Das bedeutet Verzicht. Der lautstärkste Vertreter eines konsequent regionalen Einkaufs, Billy Wagner vom Nobelhart & Schmutzig in Berlin, nennt den verschärften Ansatz knackig „brutal lokal“, und das bedeutet bei ihm eben auch: kein Pfeffer.
Die besten Restaurants im Überblick
Über die kulinarische Entscheidung für Produkte aus der Nachbarschaft hinaus transportieren Restaurants wie das Forsthaus Strelitz, das sosein und Nobelhart & Schmutzig auch eine küchenpolitisch-weltanschauliche Botschaft: Der Trend zur gepflegten Bescheidenheit, zum frugalen Luxus spricht eine großstädtische, nonkonformistisch gesinnte Konsumklientel an, die mit der industrialisierten Lebensmittelproduktion auf Kriegsfuß steht und den Genuss möglichst sauberer Produkte zum Lebensstil erhebt. Sie fühlt sich angesprochen, wenn Köche wie Pankratz ihre Zutaten notfalls noch am Abend frisch vom Acker holen, statt sie vom Kühllaster anliefern zu lassen.

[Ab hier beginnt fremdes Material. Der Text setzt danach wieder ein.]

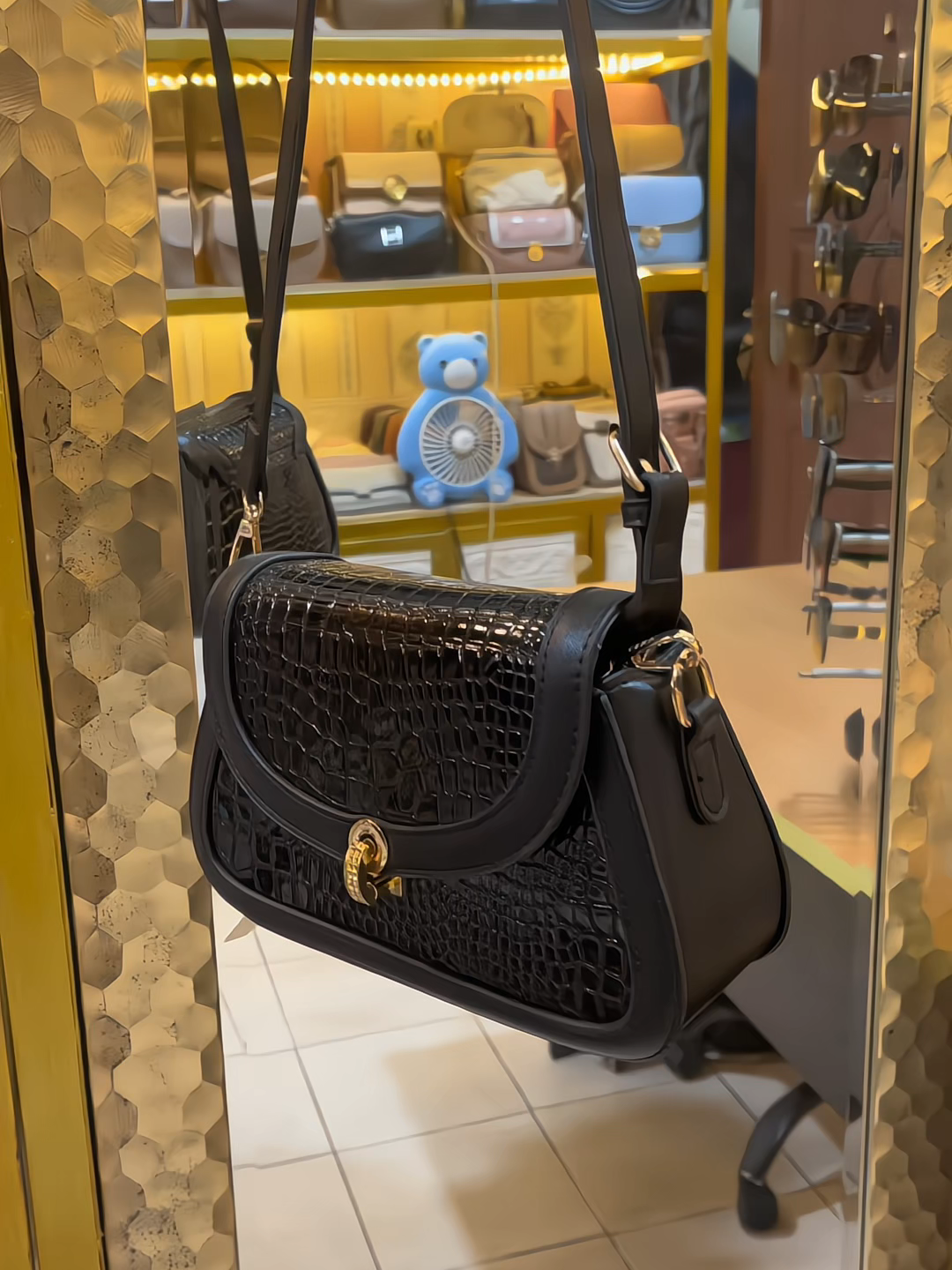 Minimal kalau mau tas, pakai ini dong #taswanitaelegan #shoulderbagwanita #tasselempangwanita #handbagwanita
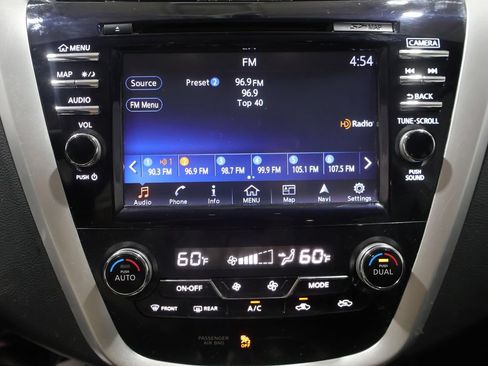 Used 2018 Nissan Murano SV AWD/4WD image 29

„Wir sehen schon, dass das ein anderes Publikum ist als in klassischen Spitzenrestaurants“, sagt Schneider. Umso bemerkenswerter, dass die Restaurantkritik vergleichsweise rasch darauf reagiert und ihre Lorbeeren entsprechend verteilt. Für die Gastronomie ein Signal, dass das, was „gutes Essen“ ist, nicht mehr durch teures Ambiente und aufwendigen Service definiert wird. Eine Abkehr von tradierten, allzu formell verstandenen Konventionen, die dazu passt, dass immer mehr Interessenten den Weg ins Restaurant über Internetportale wie tripadvisor finden. Es geht heute lockerer zu, auch in der Hochgastronomie. Früher taten sich die französisch geprägten Guides schwer damit, Bistros mit Holztischen zu bewerten. Heute führen sie den Begriff „Casual Dining“ wie selbstverständlich im Mund. Die Deutungshoheit über das, was Spitzenqualität in der Küche ist, wollen weder „Michelin“ noch „Gault ‧Millau“ der Weisheit der Masse überlassen.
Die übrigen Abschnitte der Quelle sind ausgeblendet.